Glenn Greenwald has recently posted a very abstract jeremiad about our corrupt "establishment," with multiple concurring citations from Atrios, Paul Krugman, Matt Taibbi, Armando, (Big Tent Democrat on TalkLeft), and even Eliot Spitzer, recently returned from the dead by a collective realization that he was right about everything.

Our "establishment" is corrupt, and public outrage about the AIG bonuses is a very good thing, because it scares the corrupt "elite," and fear is the only force that can control those monsters.

This is only half right, as far as it goes, but it doesn't go quite far enough, and stops at a politically safe distance from the Oval Office, which is exactly where the buck is supposed to stop, and where Barack Obama continues to enable and support the most corrupt financial "establishment" since exactly the same corrupt "establishment" produced the Great Depression.

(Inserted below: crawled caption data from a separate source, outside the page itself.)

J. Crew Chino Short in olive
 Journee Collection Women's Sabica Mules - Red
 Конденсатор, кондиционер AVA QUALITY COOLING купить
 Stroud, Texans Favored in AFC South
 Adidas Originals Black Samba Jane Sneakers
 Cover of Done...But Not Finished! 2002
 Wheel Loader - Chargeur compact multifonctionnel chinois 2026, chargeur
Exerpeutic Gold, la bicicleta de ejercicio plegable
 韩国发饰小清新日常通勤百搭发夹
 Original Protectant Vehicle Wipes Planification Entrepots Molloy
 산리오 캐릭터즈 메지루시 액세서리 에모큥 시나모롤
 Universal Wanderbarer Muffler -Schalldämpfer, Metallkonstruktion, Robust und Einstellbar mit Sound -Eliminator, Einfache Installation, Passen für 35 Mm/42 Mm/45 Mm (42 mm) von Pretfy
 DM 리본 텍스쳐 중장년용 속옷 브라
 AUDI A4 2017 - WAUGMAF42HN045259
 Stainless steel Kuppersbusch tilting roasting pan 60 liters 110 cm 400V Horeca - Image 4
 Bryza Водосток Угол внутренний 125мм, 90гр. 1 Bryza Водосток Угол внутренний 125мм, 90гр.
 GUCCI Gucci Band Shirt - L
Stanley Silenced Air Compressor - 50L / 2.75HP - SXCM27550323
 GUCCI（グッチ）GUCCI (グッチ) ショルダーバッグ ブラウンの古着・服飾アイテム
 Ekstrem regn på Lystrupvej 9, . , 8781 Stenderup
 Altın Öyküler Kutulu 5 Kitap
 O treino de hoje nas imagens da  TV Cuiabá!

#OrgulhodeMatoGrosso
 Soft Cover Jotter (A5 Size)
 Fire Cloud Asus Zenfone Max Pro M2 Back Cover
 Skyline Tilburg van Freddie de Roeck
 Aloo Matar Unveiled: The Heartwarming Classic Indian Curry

The whole chorus is singing in unison about the corruption of Henry Paulson and Tim Geithner, and somehow forgetting that Mr. Obama was already supporting humongous give-aways to corrupt banks in their most blatant conceivable manifestation, during his last debate with John McCain, when he endorsed Paulson's grab at an absolutely unrestricted mountain of money, $700 billion, and it wasn't just a blank check that Obama wanted Congress to sign over to Paulson... it even included pre-emptive immunity from prosecution!

Last September, Treasury Secretary Paulson, from Goldman Sachs, drew up a terse 3-page memo outlining his bailout proposal. The plan specified that whatever he and other Treasury officials did (thus including his subordinates, also from Goldman Sachs), could not be challenged legally or undone, much less prosecuted. This condition enraged Congress, which rejected the bailout in its first incarnation.

It now looks as if Paulson had good reason to put in a fatal legal clause blocking any clawback of funds given by the Treasury to AIG's counterparties. This is where public outrage should be focused.

Instead, the leading Congressional shepherds of the bailout legislation - along with Obama, who came out in his final, Friday night presidential debate with McCain strongly in favor of the bailout in Paulson's awful "short" version - have been highlighting the AIG executives receiving bonuses, not the company's counterparties.

So Obama was already on board the gravy train for Goldman Sachs and AIG on October 15, 2008, and celebrating "the financial rescue plan that Senator McCain and I supported," with zero accountabilty, and not even the foggiest idea where the money would go, except wherever Henry Paulson wanted to put it.

And now that Mr. Obama is driving that gravy train, instead of just tooting its whistle in Congress and Presidential debates, it just keeps rolling faster and faster, with yet another trillion dollars on track for "quantitative easing," yet another exotic financial device that almost none of us had ever heard of, only a few weeks ago.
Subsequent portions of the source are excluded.